§ TASK ITEM
Give the line containing "1013 Park St — Photo 4" again, exactly, along with all later lines of the entries, through the last one.

§ INPUT MATERIAL

-=-=-

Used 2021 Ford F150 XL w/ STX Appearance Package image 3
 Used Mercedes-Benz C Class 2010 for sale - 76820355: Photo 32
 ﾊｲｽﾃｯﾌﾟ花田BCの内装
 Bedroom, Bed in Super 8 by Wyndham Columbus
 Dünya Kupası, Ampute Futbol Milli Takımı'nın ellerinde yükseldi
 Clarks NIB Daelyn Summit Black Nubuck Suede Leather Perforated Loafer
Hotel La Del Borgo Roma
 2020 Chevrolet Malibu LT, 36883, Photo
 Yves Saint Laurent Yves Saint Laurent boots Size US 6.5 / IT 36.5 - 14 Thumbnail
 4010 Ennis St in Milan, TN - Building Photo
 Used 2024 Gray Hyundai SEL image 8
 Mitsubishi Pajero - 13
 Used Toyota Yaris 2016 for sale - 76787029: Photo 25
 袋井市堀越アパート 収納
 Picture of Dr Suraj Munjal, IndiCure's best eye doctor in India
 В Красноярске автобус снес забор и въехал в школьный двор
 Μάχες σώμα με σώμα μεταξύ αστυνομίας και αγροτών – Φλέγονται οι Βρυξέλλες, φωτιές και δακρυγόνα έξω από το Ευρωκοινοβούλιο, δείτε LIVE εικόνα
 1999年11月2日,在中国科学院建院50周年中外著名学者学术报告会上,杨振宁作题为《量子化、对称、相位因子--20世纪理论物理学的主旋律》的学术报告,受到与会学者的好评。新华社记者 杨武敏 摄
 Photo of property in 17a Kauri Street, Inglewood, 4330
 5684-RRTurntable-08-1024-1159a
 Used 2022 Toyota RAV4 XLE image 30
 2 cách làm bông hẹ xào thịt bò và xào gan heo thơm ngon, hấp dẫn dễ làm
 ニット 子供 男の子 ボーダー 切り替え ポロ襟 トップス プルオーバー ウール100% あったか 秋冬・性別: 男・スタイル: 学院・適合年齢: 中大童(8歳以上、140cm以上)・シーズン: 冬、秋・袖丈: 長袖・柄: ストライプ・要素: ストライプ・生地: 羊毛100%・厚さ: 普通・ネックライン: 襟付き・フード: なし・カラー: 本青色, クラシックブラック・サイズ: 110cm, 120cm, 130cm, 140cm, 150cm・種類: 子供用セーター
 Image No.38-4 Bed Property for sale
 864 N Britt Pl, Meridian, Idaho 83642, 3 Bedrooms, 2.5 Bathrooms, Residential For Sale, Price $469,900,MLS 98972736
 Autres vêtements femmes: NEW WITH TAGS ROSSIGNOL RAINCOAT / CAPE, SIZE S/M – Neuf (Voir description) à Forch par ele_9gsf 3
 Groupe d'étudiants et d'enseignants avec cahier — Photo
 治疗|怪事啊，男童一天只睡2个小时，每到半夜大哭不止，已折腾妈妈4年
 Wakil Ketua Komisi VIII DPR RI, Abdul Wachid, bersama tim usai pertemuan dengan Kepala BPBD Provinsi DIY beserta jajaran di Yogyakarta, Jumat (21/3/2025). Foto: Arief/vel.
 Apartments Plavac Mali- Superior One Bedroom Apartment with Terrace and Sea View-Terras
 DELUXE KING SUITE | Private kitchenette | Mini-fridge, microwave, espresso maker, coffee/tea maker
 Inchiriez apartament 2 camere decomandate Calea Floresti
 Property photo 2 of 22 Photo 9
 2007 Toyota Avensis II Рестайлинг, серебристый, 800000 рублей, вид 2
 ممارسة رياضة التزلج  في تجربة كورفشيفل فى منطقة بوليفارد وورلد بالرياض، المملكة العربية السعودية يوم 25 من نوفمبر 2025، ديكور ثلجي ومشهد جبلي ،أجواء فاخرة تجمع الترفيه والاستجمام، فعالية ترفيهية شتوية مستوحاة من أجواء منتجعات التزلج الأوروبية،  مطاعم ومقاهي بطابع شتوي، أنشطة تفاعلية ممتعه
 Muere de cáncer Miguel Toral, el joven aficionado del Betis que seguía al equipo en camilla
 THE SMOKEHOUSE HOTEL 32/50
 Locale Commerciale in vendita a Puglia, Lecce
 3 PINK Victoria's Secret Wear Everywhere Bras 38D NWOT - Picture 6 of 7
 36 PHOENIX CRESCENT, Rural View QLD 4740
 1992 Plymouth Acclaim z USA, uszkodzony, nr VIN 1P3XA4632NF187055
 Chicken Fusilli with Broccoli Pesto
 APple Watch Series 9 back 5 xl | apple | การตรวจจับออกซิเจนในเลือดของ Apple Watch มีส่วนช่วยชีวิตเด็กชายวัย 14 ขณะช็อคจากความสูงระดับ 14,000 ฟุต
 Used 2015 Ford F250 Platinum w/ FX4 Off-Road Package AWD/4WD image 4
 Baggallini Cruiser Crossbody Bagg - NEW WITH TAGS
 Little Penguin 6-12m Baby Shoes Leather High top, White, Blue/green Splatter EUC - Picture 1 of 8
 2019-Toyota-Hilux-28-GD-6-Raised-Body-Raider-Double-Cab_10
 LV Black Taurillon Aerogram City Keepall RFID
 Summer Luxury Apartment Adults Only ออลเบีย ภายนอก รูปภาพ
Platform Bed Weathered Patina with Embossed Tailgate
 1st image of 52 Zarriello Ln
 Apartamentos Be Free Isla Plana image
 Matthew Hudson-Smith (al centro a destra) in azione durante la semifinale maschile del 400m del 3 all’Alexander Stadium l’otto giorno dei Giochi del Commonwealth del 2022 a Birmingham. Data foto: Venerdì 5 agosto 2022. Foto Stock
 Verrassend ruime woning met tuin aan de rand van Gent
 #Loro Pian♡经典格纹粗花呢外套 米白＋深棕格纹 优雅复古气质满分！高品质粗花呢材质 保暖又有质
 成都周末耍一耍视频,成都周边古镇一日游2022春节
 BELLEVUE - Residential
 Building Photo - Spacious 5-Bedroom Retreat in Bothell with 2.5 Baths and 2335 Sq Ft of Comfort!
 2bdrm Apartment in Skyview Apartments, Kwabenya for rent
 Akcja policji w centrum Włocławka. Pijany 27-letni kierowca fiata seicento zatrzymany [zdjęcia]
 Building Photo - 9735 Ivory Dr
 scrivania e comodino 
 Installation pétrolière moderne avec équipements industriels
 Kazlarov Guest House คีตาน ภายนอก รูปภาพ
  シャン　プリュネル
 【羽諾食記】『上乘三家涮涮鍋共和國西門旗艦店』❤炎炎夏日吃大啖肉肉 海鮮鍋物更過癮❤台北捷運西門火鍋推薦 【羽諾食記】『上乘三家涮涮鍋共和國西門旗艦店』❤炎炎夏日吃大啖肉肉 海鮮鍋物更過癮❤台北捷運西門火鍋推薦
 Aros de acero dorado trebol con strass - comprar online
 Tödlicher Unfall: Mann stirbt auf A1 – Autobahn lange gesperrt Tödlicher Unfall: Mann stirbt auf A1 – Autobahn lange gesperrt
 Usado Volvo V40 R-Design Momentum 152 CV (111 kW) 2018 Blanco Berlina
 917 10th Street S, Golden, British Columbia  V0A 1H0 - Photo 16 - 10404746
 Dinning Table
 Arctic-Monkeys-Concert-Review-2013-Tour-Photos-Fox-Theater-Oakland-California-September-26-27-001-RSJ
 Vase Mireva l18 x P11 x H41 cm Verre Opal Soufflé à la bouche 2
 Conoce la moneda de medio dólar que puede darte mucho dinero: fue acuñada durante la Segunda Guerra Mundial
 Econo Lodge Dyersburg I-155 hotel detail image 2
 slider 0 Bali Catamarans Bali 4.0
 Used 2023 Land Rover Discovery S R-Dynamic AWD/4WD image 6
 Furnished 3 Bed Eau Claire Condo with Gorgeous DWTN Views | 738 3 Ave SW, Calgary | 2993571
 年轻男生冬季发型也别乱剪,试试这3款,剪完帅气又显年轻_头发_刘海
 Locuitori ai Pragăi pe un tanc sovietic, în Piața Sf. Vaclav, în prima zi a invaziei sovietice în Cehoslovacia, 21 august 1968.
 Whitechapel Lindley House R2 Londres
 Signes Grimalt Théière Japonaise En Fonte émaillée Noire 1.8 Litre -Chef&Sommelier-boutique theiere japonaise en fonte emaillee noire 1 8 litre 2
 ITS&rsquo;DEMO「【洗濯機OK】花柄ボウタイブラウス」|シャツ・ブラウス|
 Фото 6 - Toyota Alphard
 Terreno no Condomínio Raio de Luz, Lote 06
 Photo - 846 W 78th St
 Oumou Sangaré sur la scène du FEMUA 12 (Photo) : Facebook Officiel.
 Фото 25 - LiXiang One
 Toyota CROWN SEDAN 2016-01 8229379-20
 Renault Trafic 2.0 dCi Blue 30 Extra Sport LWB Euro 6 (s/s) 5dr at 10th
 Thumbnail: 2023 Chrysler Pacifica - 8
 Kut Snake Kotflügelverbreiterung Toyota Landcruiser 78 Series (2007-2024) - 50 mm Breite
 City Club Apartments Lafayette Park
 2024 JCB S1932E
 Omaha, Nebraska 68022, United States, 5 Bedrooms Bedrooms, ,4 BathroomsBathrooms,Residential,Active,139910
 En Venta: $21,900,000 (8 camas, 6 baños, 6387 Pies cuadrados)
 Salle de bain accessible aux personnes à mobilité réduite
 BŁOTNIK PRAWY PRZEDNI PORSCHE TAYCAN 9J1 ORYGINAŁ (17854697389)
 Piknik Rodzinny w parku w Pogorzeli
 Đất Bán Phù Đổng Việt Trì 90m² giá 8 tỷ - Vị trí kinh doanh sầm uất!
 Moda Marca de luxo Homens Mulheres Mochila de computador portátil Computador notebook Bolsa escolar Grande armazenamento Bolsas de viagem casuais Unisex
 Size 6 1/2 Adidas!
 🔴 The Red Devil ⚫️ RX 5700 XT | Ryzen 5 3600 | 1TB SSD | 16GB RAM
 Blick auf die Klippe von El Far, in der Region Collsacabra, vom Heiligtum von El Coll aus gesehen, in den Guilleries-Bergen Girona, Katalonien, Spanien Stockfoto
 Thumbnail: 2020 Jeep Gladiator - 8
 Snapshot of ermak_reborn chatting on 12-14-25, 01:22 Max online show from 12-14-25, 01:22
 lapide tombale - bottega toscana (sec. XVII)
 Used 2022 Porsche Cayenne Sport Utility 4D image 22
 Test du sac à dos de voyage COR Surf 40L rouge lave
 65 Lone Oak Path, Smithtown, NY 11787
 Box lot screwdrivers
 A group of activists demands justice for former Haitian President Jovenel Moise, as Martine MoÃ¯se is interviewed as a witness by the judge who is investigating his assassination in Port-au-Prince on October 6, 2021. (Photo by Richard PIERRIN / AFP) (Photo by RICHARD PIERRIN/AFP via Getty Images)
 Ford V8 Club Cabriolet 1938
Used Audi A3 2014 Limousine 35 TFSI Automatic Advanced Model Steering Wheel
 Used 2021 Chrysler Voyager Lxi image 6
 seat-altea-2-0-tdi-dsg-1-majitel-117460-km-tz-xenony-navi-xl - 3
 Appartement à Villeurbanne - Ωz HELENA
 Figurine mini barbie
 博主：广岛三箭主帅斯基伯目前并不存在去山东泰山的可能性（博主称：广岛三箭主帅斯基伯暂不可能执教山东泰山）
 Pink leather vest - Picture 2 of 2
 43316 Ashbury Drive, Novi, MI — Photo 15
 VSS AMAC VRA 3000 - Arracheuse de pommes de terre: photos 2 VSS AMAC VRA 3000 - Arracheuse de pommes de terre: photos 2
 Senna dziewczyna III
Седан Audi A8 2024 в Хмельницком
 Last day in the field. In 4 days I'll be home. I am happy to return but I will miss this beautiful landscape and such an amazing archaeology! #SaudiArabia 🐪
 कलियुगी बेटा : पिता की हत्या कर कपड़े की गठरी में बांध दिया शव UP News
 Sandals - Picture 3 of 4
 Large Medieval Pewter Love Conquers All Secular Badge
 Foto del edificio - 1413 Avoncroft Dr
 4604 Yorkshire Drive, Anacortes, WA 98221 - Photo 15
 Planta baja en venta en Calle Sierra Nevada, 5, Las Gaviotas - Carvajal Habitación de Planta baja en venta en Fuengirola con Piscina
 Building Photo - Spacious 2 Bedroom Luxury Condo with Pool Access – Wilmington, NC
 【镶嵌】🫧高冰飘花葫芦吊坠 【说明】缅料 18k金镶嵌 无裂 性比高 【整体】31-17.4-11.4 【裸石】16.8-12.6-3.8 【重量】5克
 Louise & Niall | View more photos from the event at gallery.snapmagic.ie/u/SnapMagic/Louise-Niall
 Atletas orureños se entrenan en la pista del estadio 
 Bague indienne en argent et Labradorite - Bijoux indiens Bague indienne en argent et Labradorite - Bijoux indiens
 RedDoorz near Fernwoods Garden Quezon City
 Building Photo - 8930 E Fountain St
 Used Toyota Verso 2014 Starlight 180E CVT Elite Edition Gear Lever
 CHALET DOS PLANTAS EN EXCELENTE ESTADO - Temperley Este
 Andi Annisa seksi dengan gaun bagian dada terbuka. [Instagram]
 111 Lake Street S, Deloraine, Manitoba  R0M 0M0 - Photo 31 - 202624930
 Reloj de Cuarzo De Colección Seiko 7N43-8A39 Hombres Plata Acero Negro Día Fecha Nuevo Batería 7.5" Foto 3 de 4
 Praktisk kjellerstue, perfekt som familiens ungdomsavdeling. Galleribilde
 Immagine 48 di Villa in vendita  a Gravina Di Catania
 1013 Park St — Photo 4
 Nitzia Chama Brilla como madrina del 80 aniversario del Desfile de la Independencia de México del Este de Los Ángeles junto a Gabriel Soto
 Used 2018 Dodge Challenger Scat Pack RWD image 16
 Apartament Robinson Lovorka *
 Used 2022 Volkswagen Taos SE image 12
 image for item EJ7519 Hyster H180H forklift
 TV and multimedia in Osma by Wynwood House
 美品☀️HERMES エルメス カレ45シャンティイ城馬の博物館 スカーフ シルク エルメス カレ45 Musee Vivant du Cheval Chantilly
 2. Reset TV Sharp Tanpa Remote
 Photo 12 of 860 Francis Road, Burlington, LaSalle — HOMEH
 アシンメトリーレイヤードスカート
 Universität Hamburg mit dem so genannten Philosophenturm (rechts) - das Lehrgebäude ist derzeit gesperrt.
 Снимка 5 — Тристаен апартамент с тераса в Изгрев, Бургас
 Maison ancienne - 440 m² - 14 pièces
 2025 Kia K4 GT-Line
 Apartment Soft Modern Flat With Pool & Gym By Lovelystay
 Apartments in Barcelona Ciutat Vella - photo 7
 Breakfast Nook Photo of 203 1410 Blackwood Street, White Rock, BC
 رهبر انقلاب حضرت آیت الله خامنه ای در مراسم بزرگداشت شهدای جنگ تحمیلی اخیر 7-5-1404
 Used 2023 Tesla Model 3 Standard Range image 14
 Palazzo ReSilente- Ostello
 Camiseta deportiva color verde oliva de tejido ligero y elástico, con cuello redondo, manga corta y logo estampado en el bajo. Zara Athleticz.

-=-=-

§ FINISHED TASK
 1013 Park St — Photo 4
 Nitzia Chama Brilla como madrina del 80 aniversario del Desfile de la Independencia de México del Este de Los Ángeles junto a Gabriel Soto
 Used 2018 Dodge Challenger Scat Pack RWD image 16
 Apartament Robinson Lovorka *
 Used 2022 Volkswagen Taos SE image 12
 image for item EJ7519 Hyster H180H forklift
 TV and multimedia in Osma by Wynwood House
 美品☀️HERMES エルメス カレ45シャンティイ城馬の博物館 スカーフ シルク エルメス カレ45 Musee Vivant du Cheval Chantilly
 2. Reset TV Sharp Tanpa Remote
 Photo 12 of 860 Francis Road, Burlington, LaSalle — HOMEH
 アシンメトリーレイヤードスカート
 Universität Hamburg mit dem so genannten Philosophenturm (rechts) - das Lehrgebäude ist derzeit gesperrt.
 Снимка 5 — Тристаен апартамент с тераса в Изгрев, Бургас
 Maison ancienne - 440 m² - 14 pièces
 2025 Kia K4 GT-Line
 Apartment Soft Modern Flat With Pool & Gym By Lovelystay
 Apartments in Barcelona Ciutat Vella - photo 7
 Breakfast Nook Photo of 203 1410 Blackwood Street, White Rock, BC
 رهبر انقلاب حضرت آیت الله خامنه ای در مراسم بزرگداشت شهدای جنگ تحمیلی اخیر 7-5-1404
 Used 2023 Tesla Model 3 Standard Range image 14
 Palazzo ReSilente- Ostello
 Camiseta deportiva color verde oliva de tejido ligero y elástico, con cuello redondo, manga corta y logo estampado en el bajo. Zara Athleticz.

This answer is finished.